> **DIRECTIONS FOR THIS TASK**
Print the data verbatim. Leave every image out.

> **ENTRIES SUPPLIED**
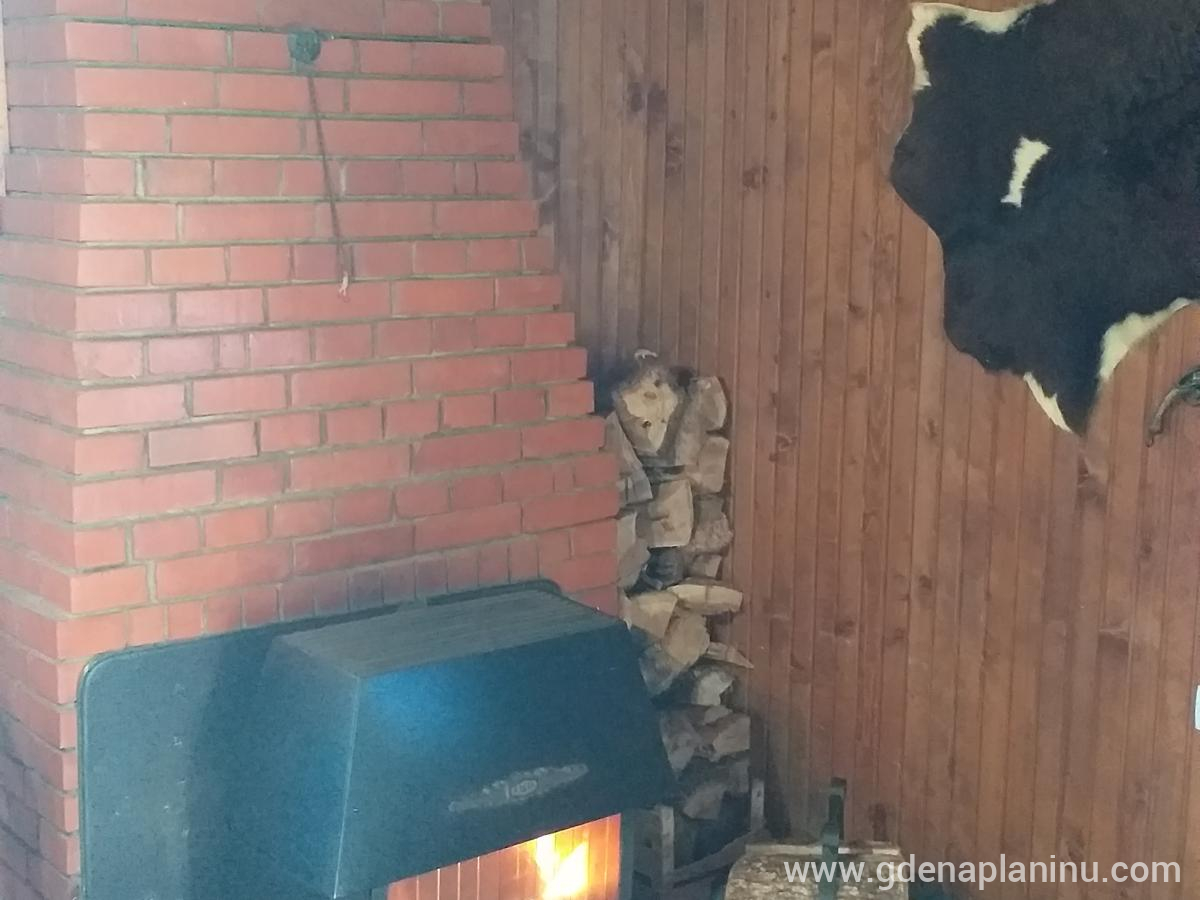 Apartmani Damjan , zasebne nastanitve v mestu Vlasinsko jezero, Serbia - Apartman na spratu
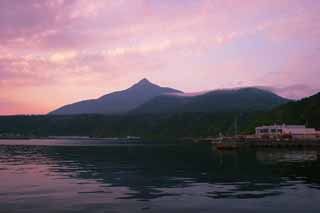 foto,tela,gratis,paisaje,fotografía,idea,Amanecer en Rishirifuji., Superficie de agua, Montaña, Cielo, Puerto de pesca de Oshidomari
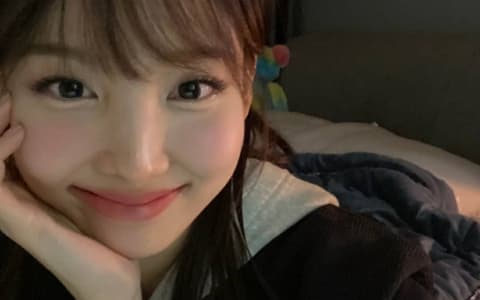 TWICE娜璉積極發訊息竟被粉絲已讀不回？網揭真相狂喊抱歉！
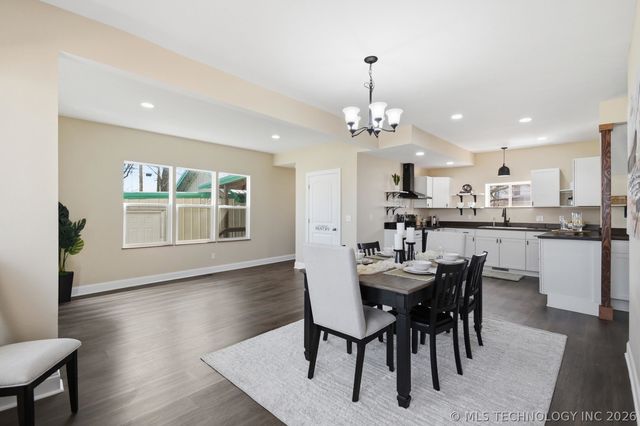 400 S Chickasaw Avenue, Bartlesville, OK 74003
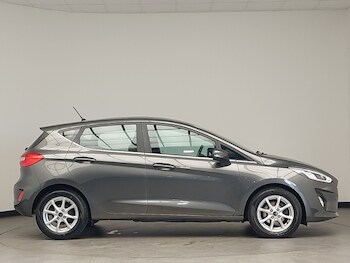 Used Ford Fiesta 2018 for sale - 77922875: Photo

> **ANSWER SPACE**
 Apartmani Damjan , zasebne nastanitve v mestu Vlasinsko jezero, Serbia - Apartman na spratu
 foto,tela,gratis,paisaje,fotografía,idea,Amanecer en Rishirifuji., Superficie de agua, Montaña, Cielo, Puerto de pesca de Oshidomari
 TWICE娜璉積極發訊息竟被粉絲已讀不回？網揭真相狂喊抱歉！
 400 S Chickasaw Avenue, Bartlesville, OK 74003
 Used Ford Fiesta 2018 for sale - 77922875: Photo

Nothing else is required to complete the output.